▶ DATA FOR THIS TASK:
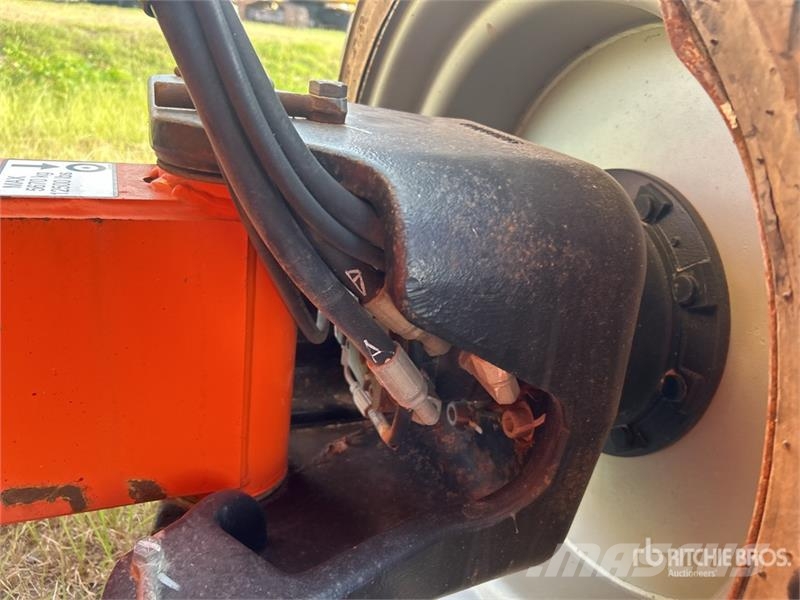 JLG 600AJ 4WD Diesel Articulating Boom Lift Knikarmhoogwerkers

--

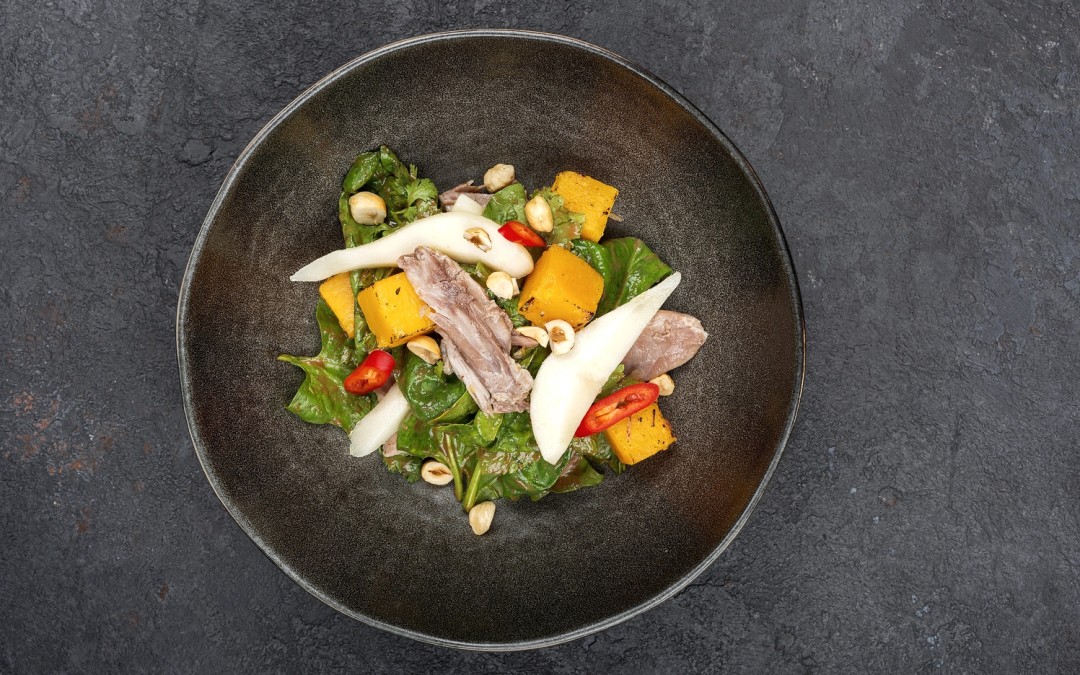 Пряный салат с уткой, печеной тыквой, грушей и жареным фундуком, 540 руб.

...

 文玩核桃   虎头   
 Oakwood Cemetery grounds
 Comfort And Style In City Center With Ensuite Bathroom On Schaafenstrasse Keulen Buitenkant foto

▶ REQUIRED ACTION:
Copy out the range of lines above starting at the line with "Oakwood Cemetery grounds" and ending at the line with "Comfort And Style", exactly and including both.

▶ TASK SOLUTION:
 Oakwood Cemetery grounds
 Comfort And Style In City Center With Ensuite Bathroom On Schaafenstrasse Keulen Buitenkant foto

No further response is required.